Saint Basil the Great, Archbishop of Caesarea

Basil was born during the reign of Emperor Constantine. While still unbaptized, Basil spent fifteen years in Athens where he studied philosophy, rhetoric, astronomy and all other secular sciences of that time. His colleagues at that time were Gregory the Theologian and Julian, later the apostate emperor. In his mature years he was baptized in the Jordan River along with Ebulios his former teacher.
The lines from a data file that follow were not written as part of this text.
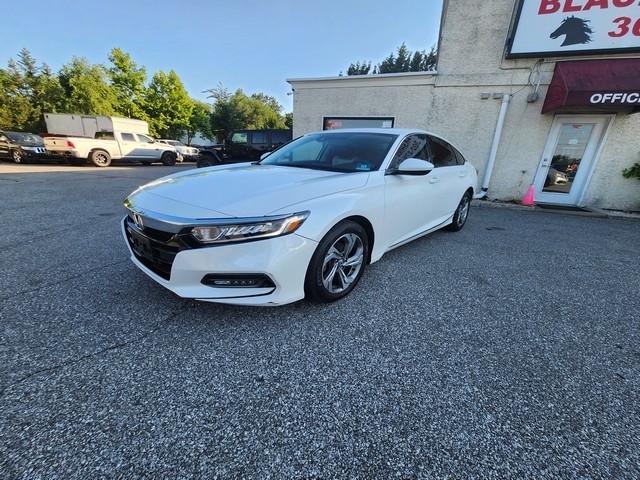 Honda Accord Sedan EX 1.5T CVT 2018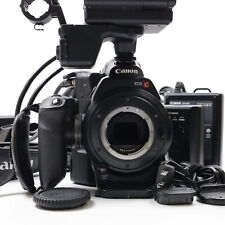Câmera de Cinema Canon EOS C300 EF Mount (Tempo de Operação:h2209) [Exc+++] #1794B comprar usado  Enviando para Brazil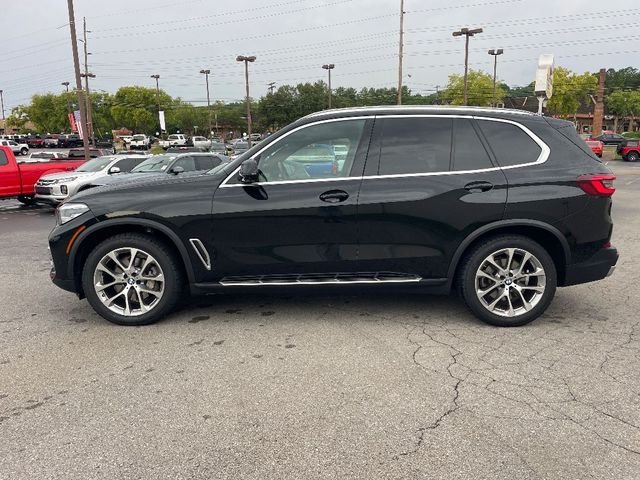 2023 BMW X5 xDrive40i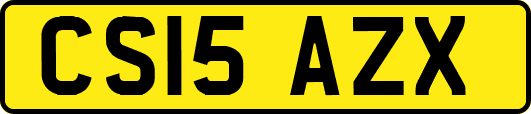 CS15AZX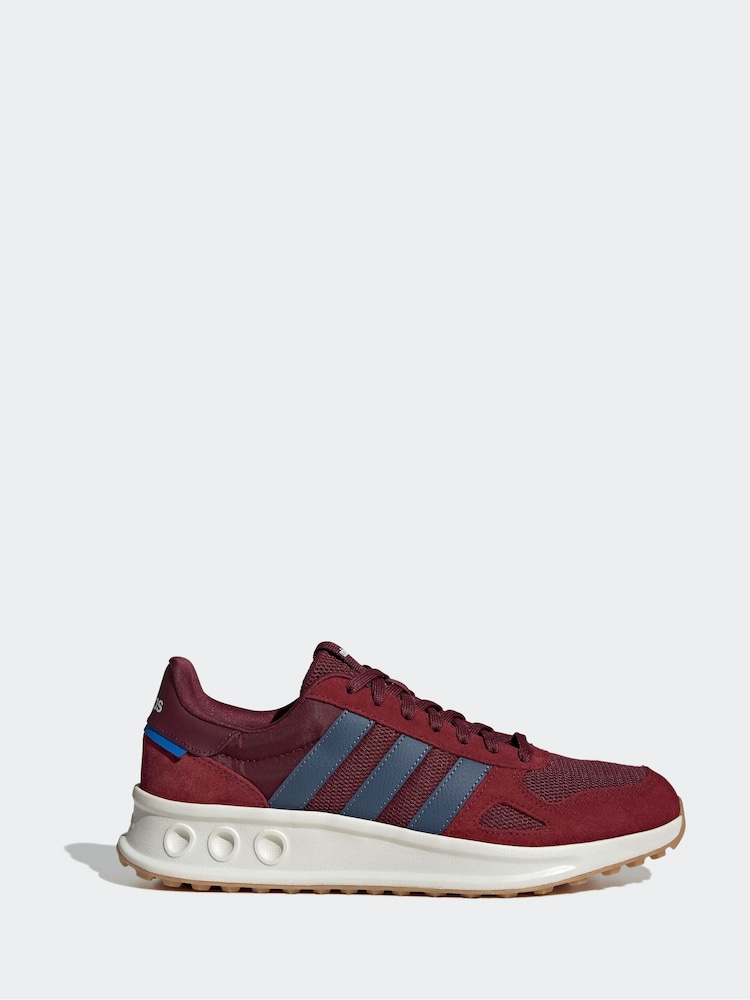 adidas Red Run 84s Trainers - Image 1 of 8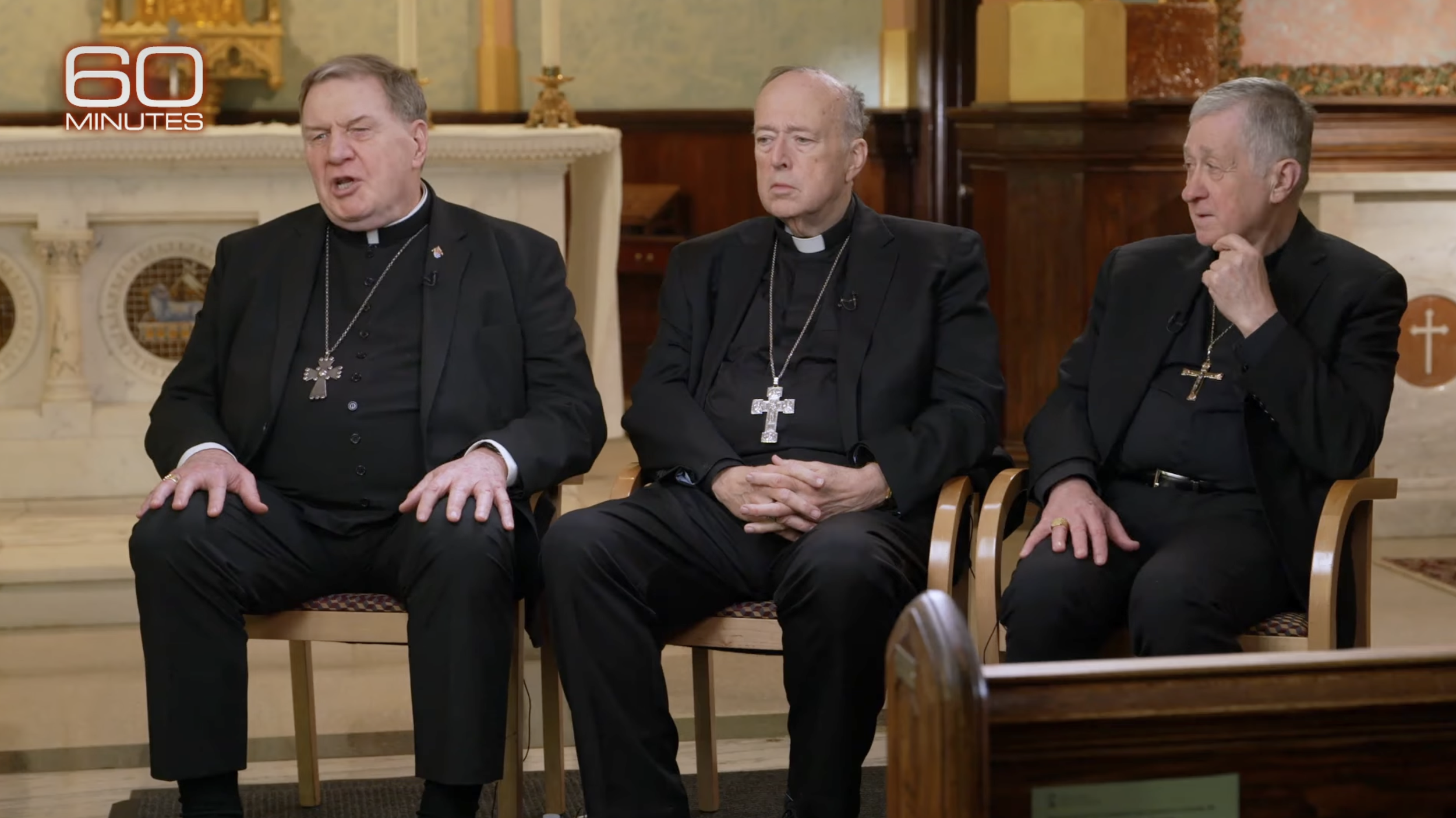 Influential U.S. cardinals caution against Iran war, Trump immigration policies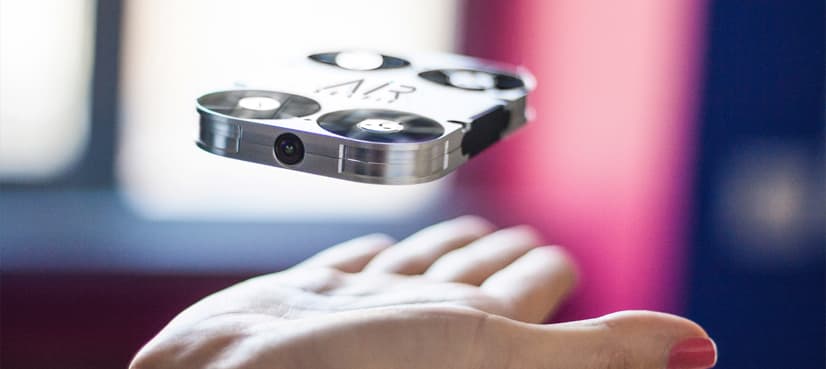 AirSelfie drone camera is all selfie enthusiasts want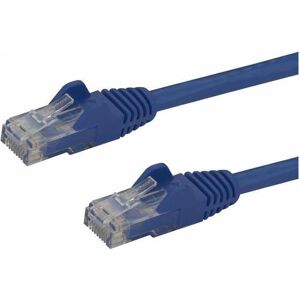 StarTech Cavo Patch Cat6 Senza Strappi Da 0,5 M (UTP, CAT6, 0.50 m), Cavo di rete StarTech Cavo Patch Cat6 Senza Strappi Da 0,5 M (UTP, CAT6, 0.50 m), Cavo di rete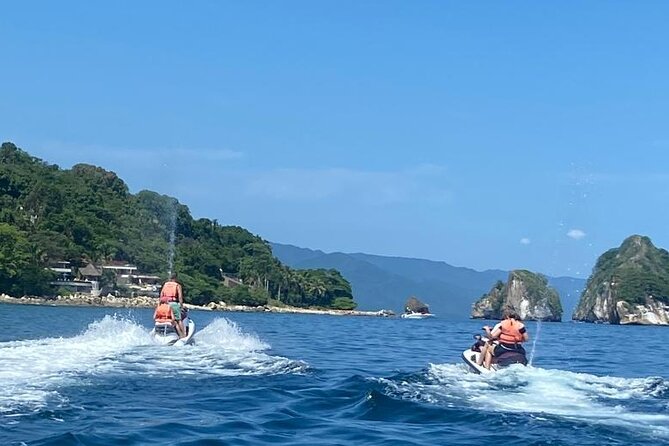 Jet Ski Jet Ski Rental in Puerto Vallarta - Who will enjoy this best?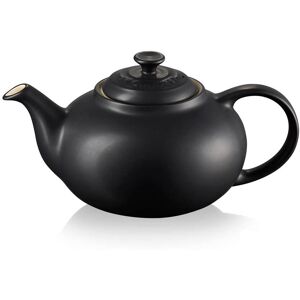 Le Creuset Classic Teapot, Satin Black Le Creuset Classic Teapot, Satin Black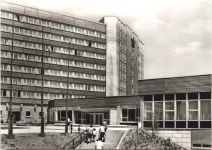Oberwiesenthal - FDGB Erholungsheim Am Fichtelberg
He was Bishop of Caesarea in Cappadocia for almost ten years and completed his earthly life fifty years after his birth.

He was a great defender of Orthodoxy, a great light of moral purity, a religious zealot, a great theological mind, and a great builder and pillar of the Church of God. Basil fully deserved the title "Great." In liturgical services he is referred to as the "bee of the Church of Christ, which brings honey to the faithful and with its stinger pricks the heretics." Numerous works of this Father of the Church are preserved; they include theological, apologetical, ascetical and canonical writings as well as the Holy and Divine Liturgy named after him. This Divine Liturgy is celebrated ten times during the year: on the first of January, his feast day; on the eve of the Nativity of our Lord; on the eve of theTheophany of our Lord; all Sundays of Great Lent, except Palm Sunday; on Great and Holy Thursday and on Great and Holy Saturday. St. Basilreposed peacefully on January 1, 379, and was translated into the Kingdom of Christ.